Investors have serious doubts about Elon Musk’s plan to take Tesla private.
In two days, the stock has erased the 8.6% gain that followed Musk’s surprise announcement on Twitter that he had secured funding to take the electric car maker off the public market. That includes a 4.8% drop on Thursday.
“The number one issue is simply that the investment community is uncertain about where this funding” is coming from, said Rebecca Lindland, an industry analyst with Kelley Blue Book.
Lindland said investors probably took a few days to ask around, and were short on answers.
“The investment community, like almost any industry, is fairly small and tight-knit,” she said. “Yesterday was a day of exploration.”
Answers aren’t coming from Musk, either.
Beyond his tweets and a blog post explaining the move, Musk hasn’t offered details on where the financing would come from. He did say he had secured the funding at $420 per share, 19% above Thursday’s closing price.
People are asking “how serious this is,” said Cowen analyst Jeff Osborne.
Investors also may have been spooked by reports that the SEC is looking into Tesla.
The Wall Street Journal reported Wednesday that regulators are asking whether Musk’s tweet “was truthful.” And Bloomberg News reported Thursday that regulators were already gathering information about Tesla’s public statements about manufacturing goals and sales targets, and intensified their scrutiny after the Musk tweet.
The SEC and Tesla (TSLA) declined to comment to CNNMoney.
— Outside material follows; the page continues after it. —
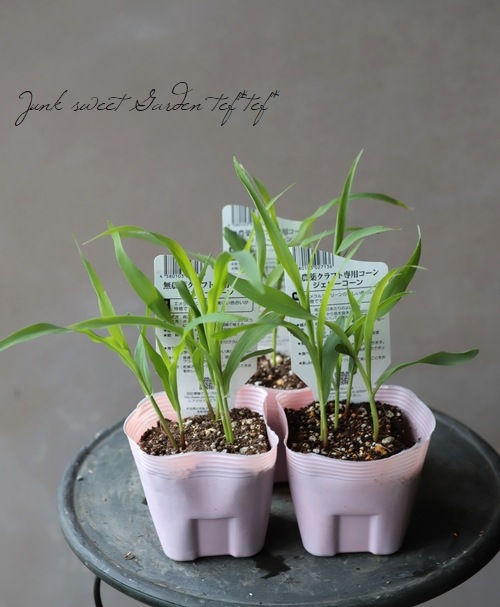 家庭菜園】観賞用クラフトコーン 『ジュエリーコーン』 | すべての商品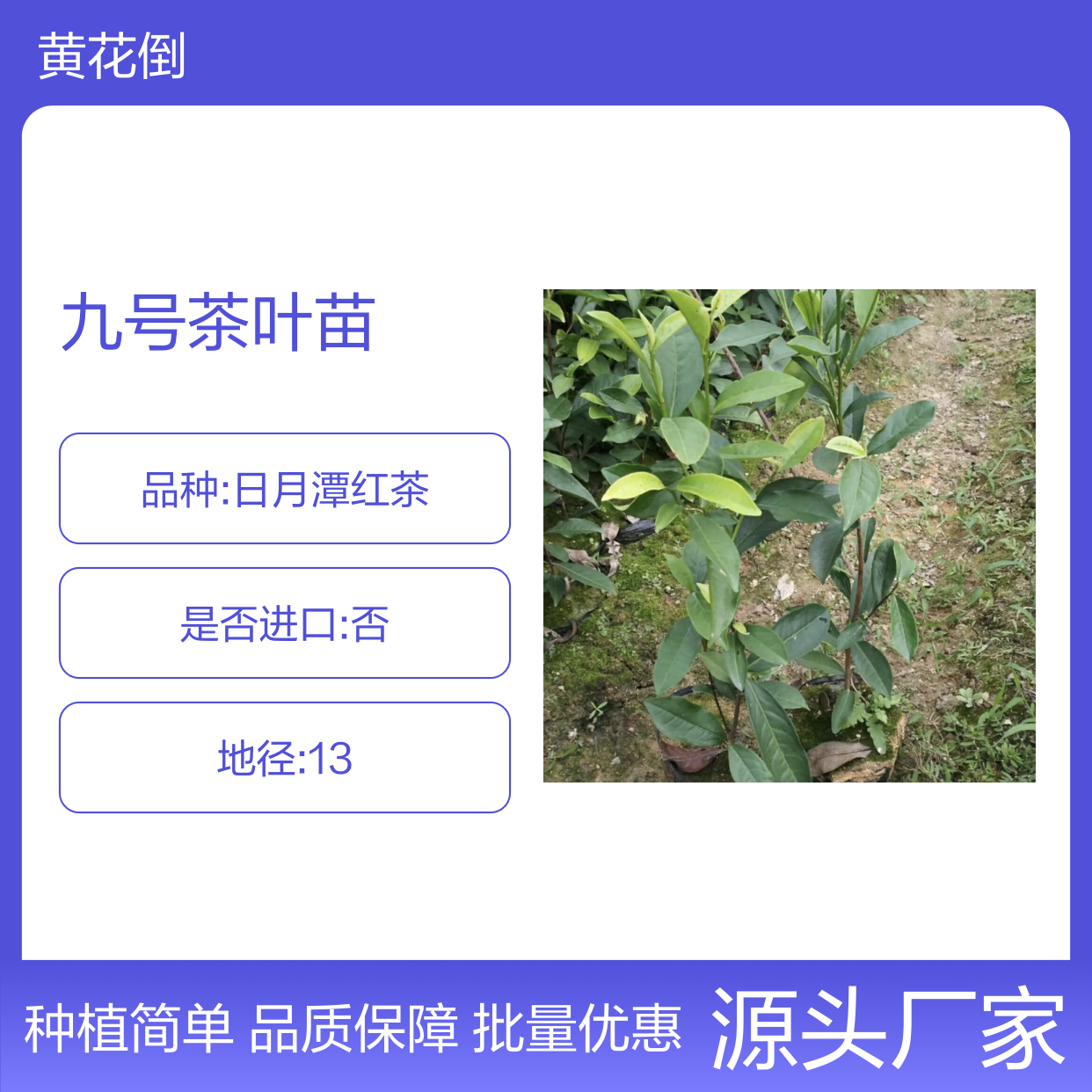福选九号茶叶苗 批发常绿灌木茶苗 品质优良 生长迅速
There are plenty of other reasons to doubt Musk’s plan.
Tesla needs cash for its $2 billion factory in China, to open more stores and to pay off the debt that’s coming due in the next eight months. Plus, the new tax law limits how much interest companies can deduct on their borrowing. That will make it more difficult for companies to carry heavy debt loads — and taking Tesla private would means taking on a great deal of debt.